**PROBLEM**
Print the records below exactly as they appear. Omit all pictures.

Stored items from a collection
══════

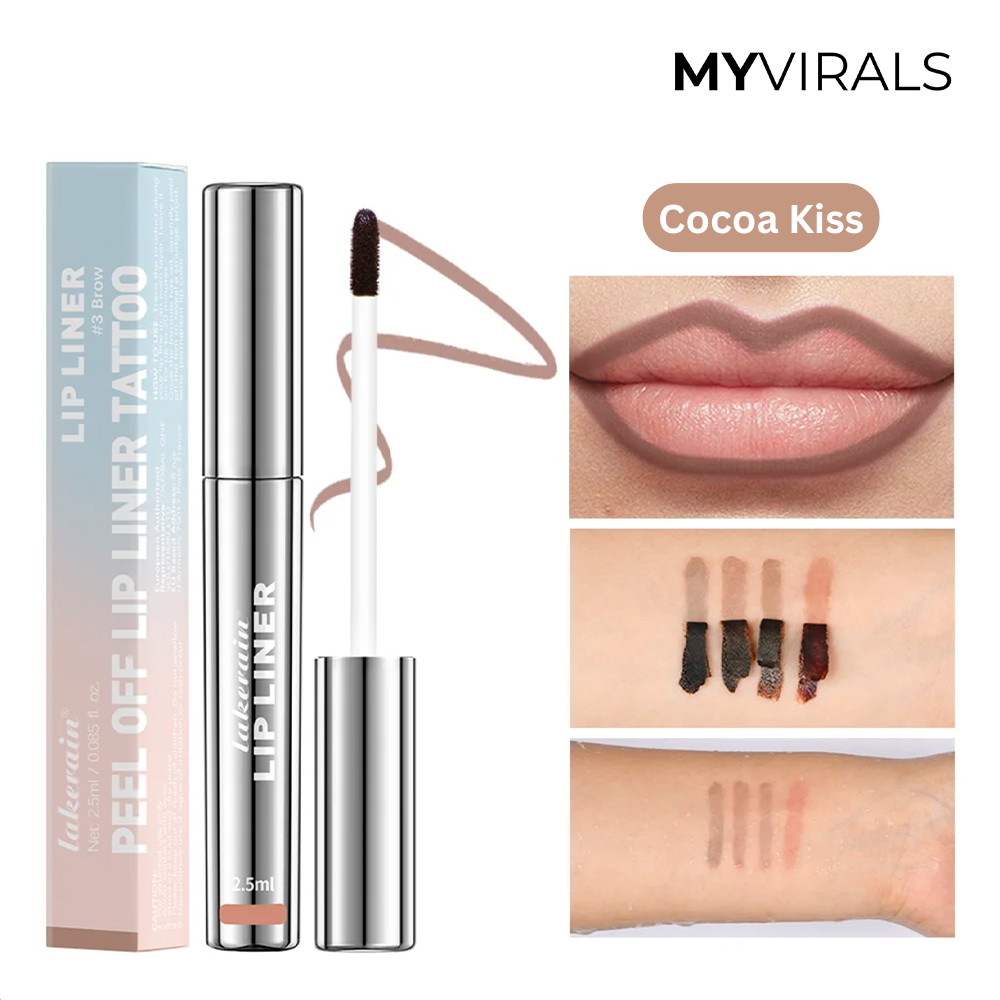 SlayLiner Peel-Off Lip Tattoo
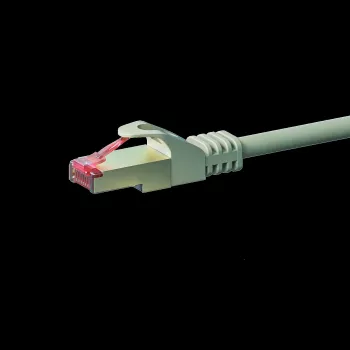 DSIT CAT 6 hálózati kábel LSOH - S/FTP - 5 méter - szürke (DC-S61-050)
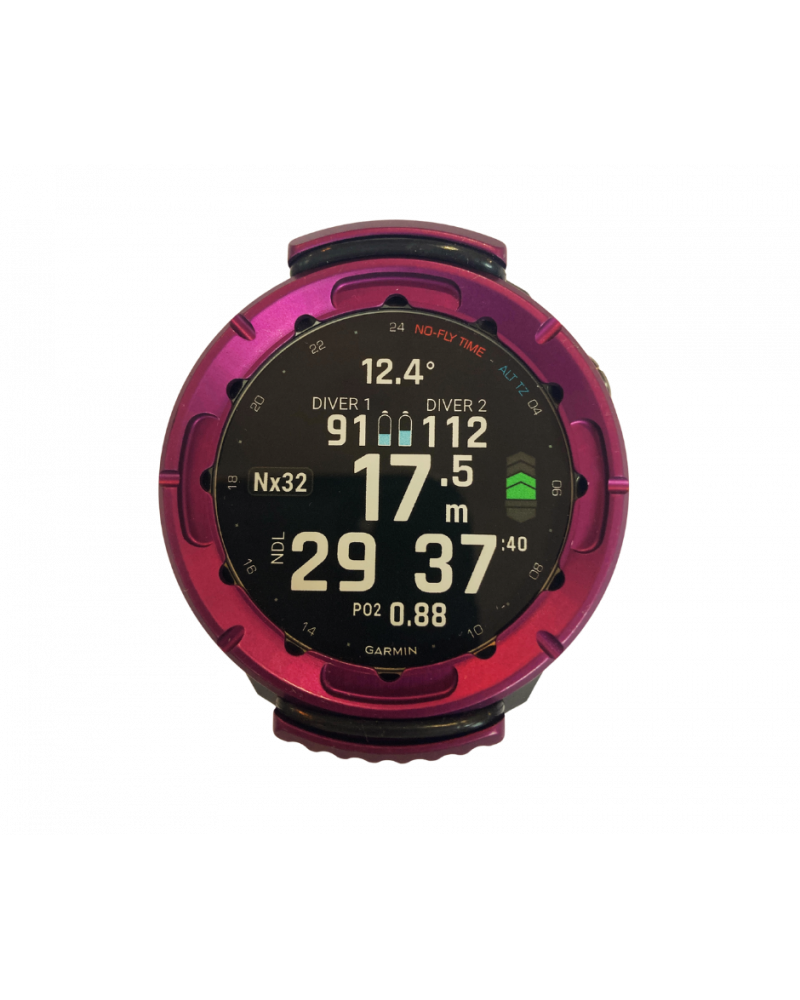 Protection pour montre ordinateur GARMIN MK2 - AMX-TEKnology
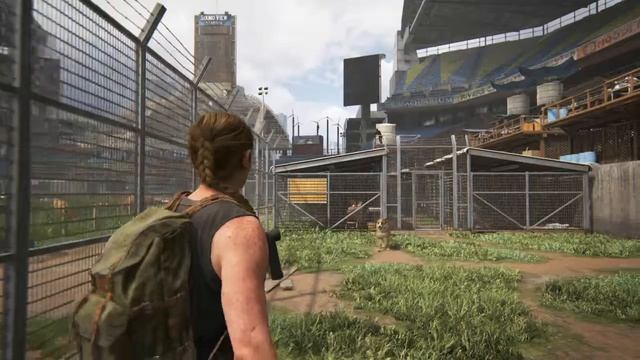 The Last of Us™ Part II смотреть онлайн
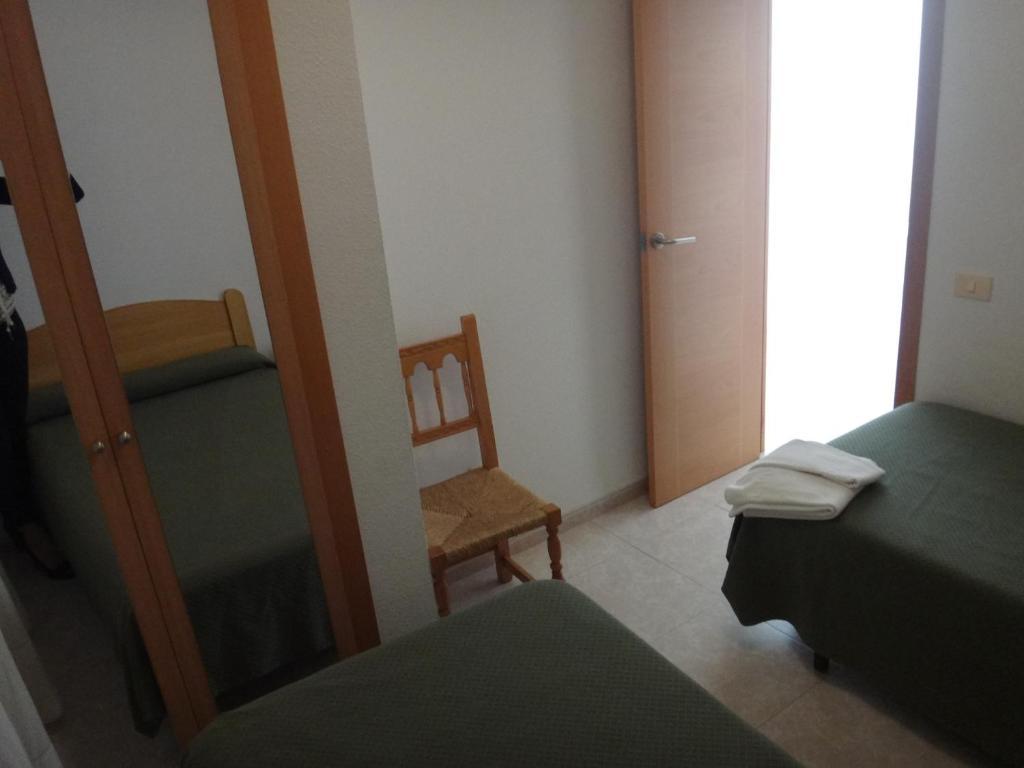 Apartamentos Parada Oropesa del Mar Pokoj fotografie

══════

**TASK RESULT**
 SlayLiner Peel-Off Lip Tattoo
 DSIT CAT 6 hálózati kábel LSOH - S/FTP - 5 méter - szürke (DC-S61-050)
 Protection pour montre ordinateur GARMIN MK2 - AMX-TEKnology
 The Last of Us™ Part II смотреть онлайн
 Apartamentos Parada Oropesa del Mar Pokoj fotografie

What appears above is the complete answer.